Trump tells Knesset US gave Israel ‘a lot of weapons’; heckled during speech
Trump tells Knesset US gave Israel ‘a lot of weapons’; heckled during speech
M.U.H
13/10/202521
US President Donald Trump faced heckling from two Israeli lawmakers during his address to the Knesset, during which he gave much praise to Israel and Prime Minister Benjamin Netanyahu and also boasted about supplying lethal American weapons to the regime.
Ofer Cassif and Ayman Odeh, members of Israel’s joint Hadash-Taal party, interrupted Trump’s address to the Knesset with banners demanding the recognition of the Palestinian state. They were both removed from the parliament.
In an X post, Odeh said he was dragged out of the Knesset because he raised “the simplest demand, one that the whole international community agrees on: Recognize the State of Palestine! Recognize the simple truth.”
In a separate post, Odeh said that crowning Netanyahu “through flattery … does not absolve him and his cabinet of the crimes against humanity committed in Gaza.”
Cassif also took to X to call for an end to the Israeli occupation and apartheid and the establishment of a Palestinian state, saying, “Refuse to be occupiers! Resist the government of bloodshed!”
During his speech, Trump said the US has the best weapons, and “we’ve given a lot of them to Israel, frankly.”

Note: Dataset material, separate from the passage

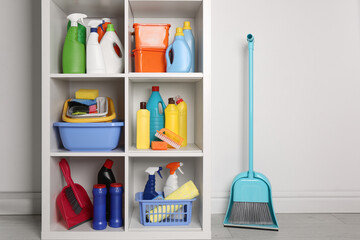 Shelving unit with detergents and cleaning tools near white wall indoors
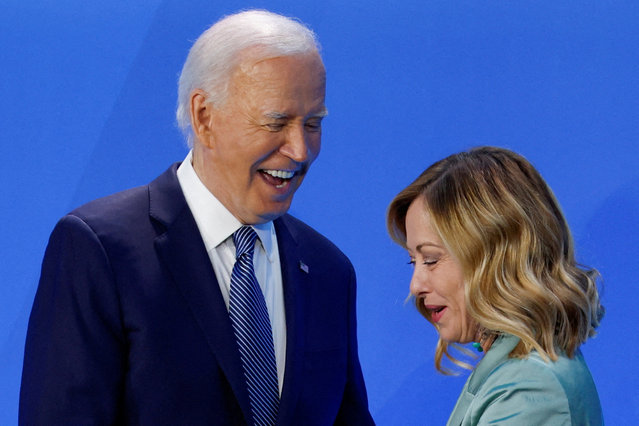 U.S. President Joe Biden greets Italy's Prime Minister Giorgia Meloni, as they attend NATO's 75th anniversary summit in Washington on July 10, 2024. (Photo by Evelyn Hockstein/Reuters)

“Bibi would call me so many times – can you get me this weapon, that weapon, and some of them I’d never heard of,” he added, referring to Netanyahu by his nickname.
“But we’d get them here, wouldn’t we,” the US president said, noting, “Israel knew how to use them well.”
Meanwhile, he claimed that Israel has “won all that it can by force of arms.”
Last week, Trump proposed a Gaza ceasefire plan, to which Israel and the Palestinian Hamas resistance group agreed after three days of indirect negotiations in Egypt.
Under the first phase of the deal, which came into effect at noon local time on Friday, Hamas had to free 48 captives — dead and alive — in exchange for the release of roughly 2,000 Palestinian abductees from Israeli jails.
The agreement also includes the flow of humanitarian aid into Gaza and the withdrawal of the occupation forces to an agreed line from the besieged territory.
Analysts say the truce deal represents a defeat for the occupying regime as it failed to meet its "goals" of eliminating Hamas and releasing Israeli captives by force despite killing 67,869 Palestinian, mostly women and children, during its two-year-long genocide in Gaza.